** Dataset entries **
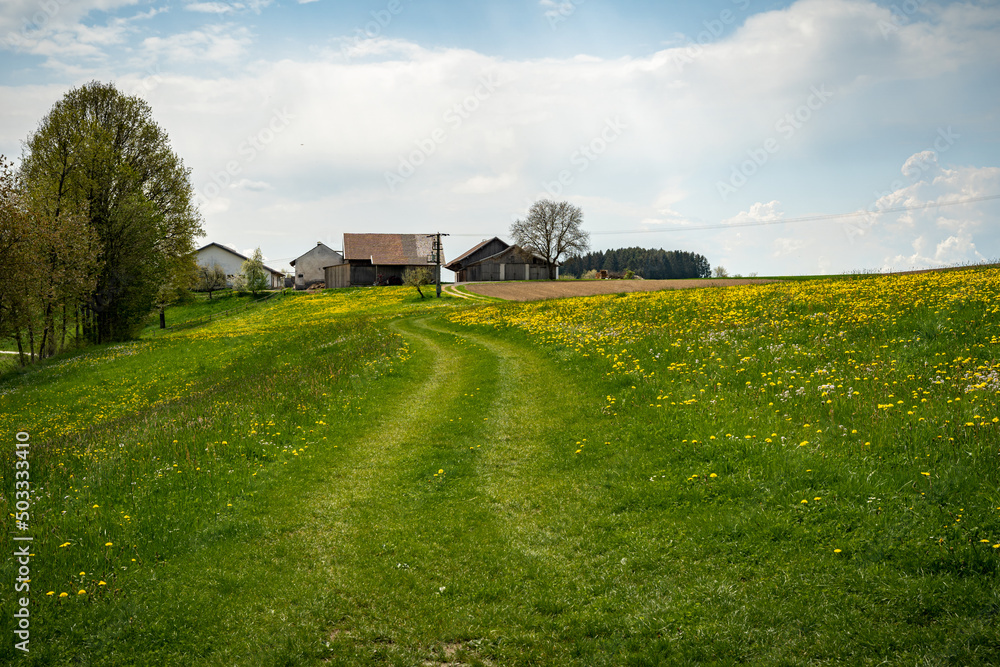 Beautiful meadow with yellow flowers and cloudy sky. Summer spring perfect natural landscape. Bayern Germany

==

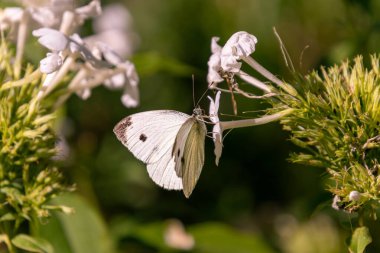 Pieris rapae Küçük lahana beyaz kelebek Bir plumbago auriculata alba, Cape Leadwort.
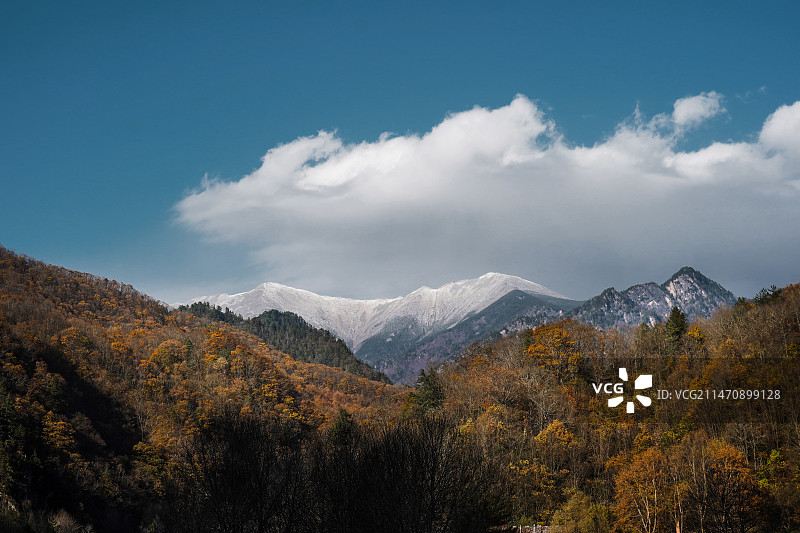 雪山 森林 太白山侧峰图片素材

--

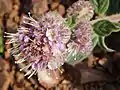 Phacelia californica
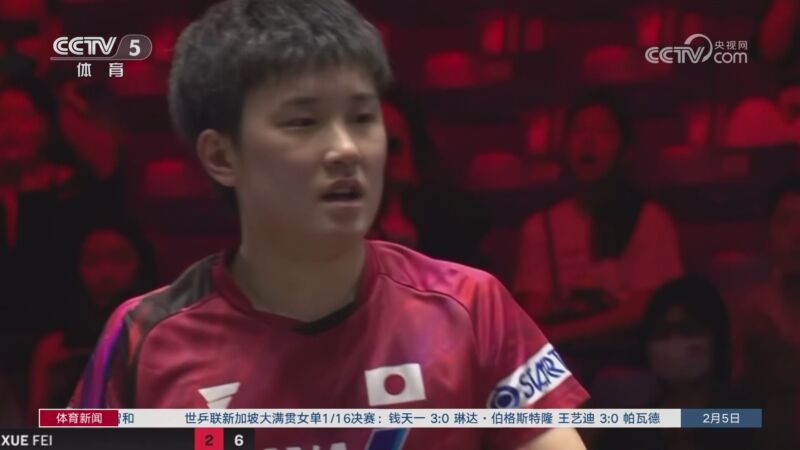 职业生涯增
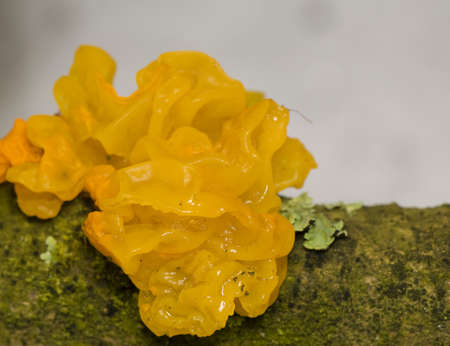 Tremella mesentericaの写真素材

** Exercise requirements **
Reproduce the lines above starting at the one with "Pieris rapae Küçük" and ending at the one with "雪山 森林 太白山侧峰图片素材", both included, exactly and with no pictures.

** Answer to the problem **
 Pieris rapae Küçük lahana beyaz kelebek Bir plumbago auriculata alba, Cape Leadwort.
 雪山 森林 太白山侧峰图片素材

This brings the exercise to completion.